Friday Focus: Jane Fletcher Scadden and “Six Degrees of Separation”
By Christopher Osborne,
Silvergrain Classics – the analogue photography magazine.
In this week’s Friday Focus we talk to New Zealand photographer Jane Fletcher Scadden.
Jane Fletcher-Scadden at her home near Carterton, New Zealand.
She spent Lockdown printing in a darkroom housed in one half of a container in the backyard. During this period, she made portraits of the neighbours across the fence and gifted them the prints.
The other half of the container houses her husband Brian Scadden’s collection of historic cameras and daguerreotype and ambrotype images. Brian is a well-known figure in the New Zealand historic photography scene. Jane met Brian when she attended a wet plate course he ran six years ago. They are now happily married and share a joint passion for photography.

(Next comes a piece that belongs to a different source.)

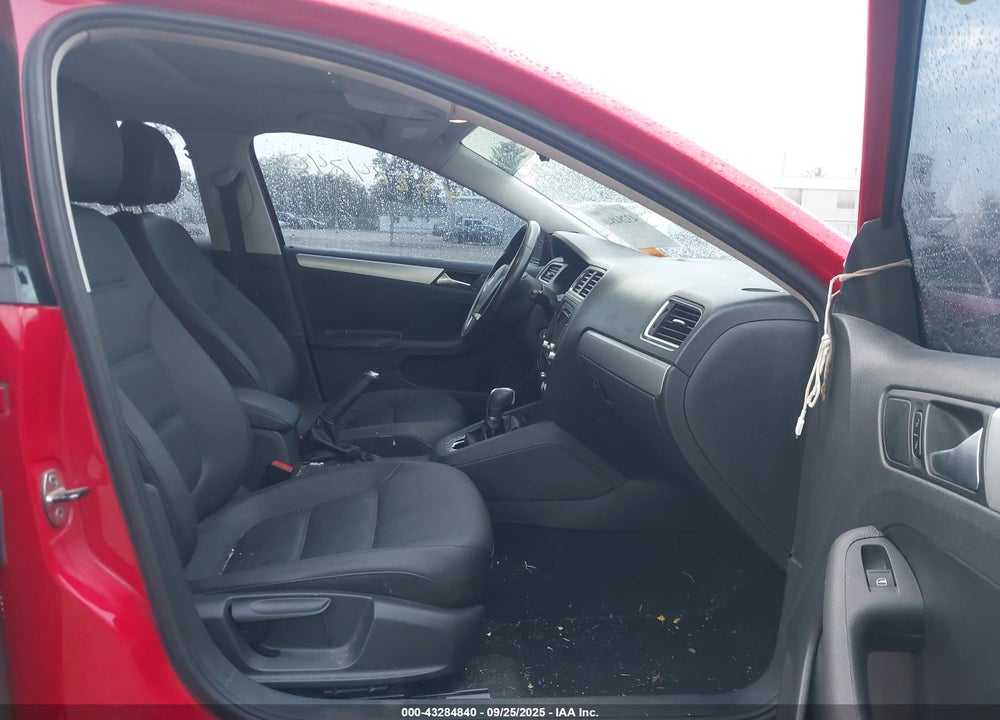 2012 VOLKSWAGEN JETTA VIN: 3VWLL7AJ7CM391893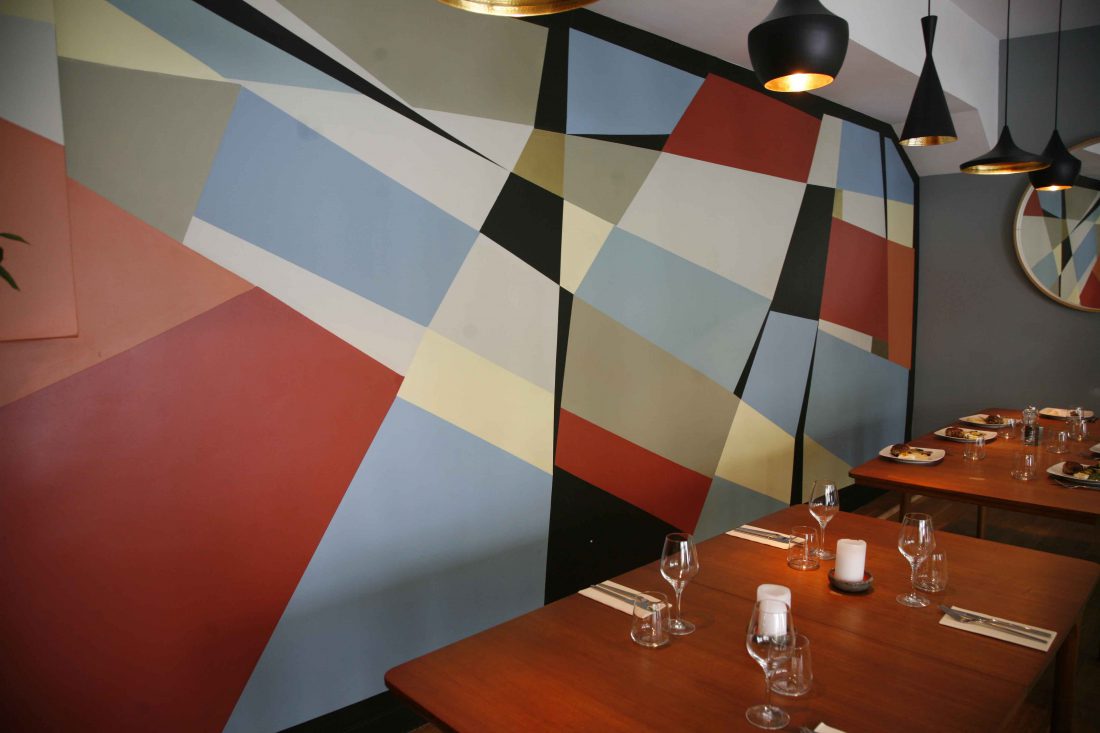 Postmodernistisk väggmålning i restaurang miljö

Describing the experience as colourful, raw, alive, she is still amazed at how people lead ordinary lives amongst the chaos that is life in an Indian city. She describes scenes of “noise and dogs. And people who were just so happy. We always stopped to talk and had a joke with them”.
As early as 1929, the Hungarian writer Frigyes Karinthy speculated that anyone in the world could be connected to anyone else through a chain consisting of no more than five intermediaries. Add in the last person in the chain and this is equivalent to six degrees of separation.
In 2016 Jane won a grant from the Creative Arts Council of New Zealand and her project “Six Degrees of Separation” came into being. She made six series of images, each of six people. Jane chose the initial sitter from six categories; child, youth, business, sport, iwi (Maori for family lineage) and the elderly. Each sitter then nominated the next sitter until a chain of six portraits had been made in each category. They had to be Carterton residents, known to the sitter on a first name basis but not be a family member.
In the event, only one chain connected. A schoolgirl nominated her friend who in turn nominated a sports coach, who nominated another coach, who nominated a builder who nominated another builder. It turned out that the girl’s mother had worked with the second builder’s wife. So that probably adds up to eight degrees of separation!
Today the collection is held at the Masterton Archives, and in 2017 an accompanying book was published.
I asked Jane what is next. She and Brian had plans to return to India, however, they aren’t sure when they will be able to return.
She has another project idea forming, “Love on the Lines”, in which she wants to seek out people who met through the local Wairarapa railway line and went on to form lasting relationships. The idea was sparked by one of the sitters in the “Six Degrees of Separation” series was photographed holding a portrait of her late husband who she had met on a train. It is a very interesting idea, but she “doesn’t have as much downtime as she had in 2017”.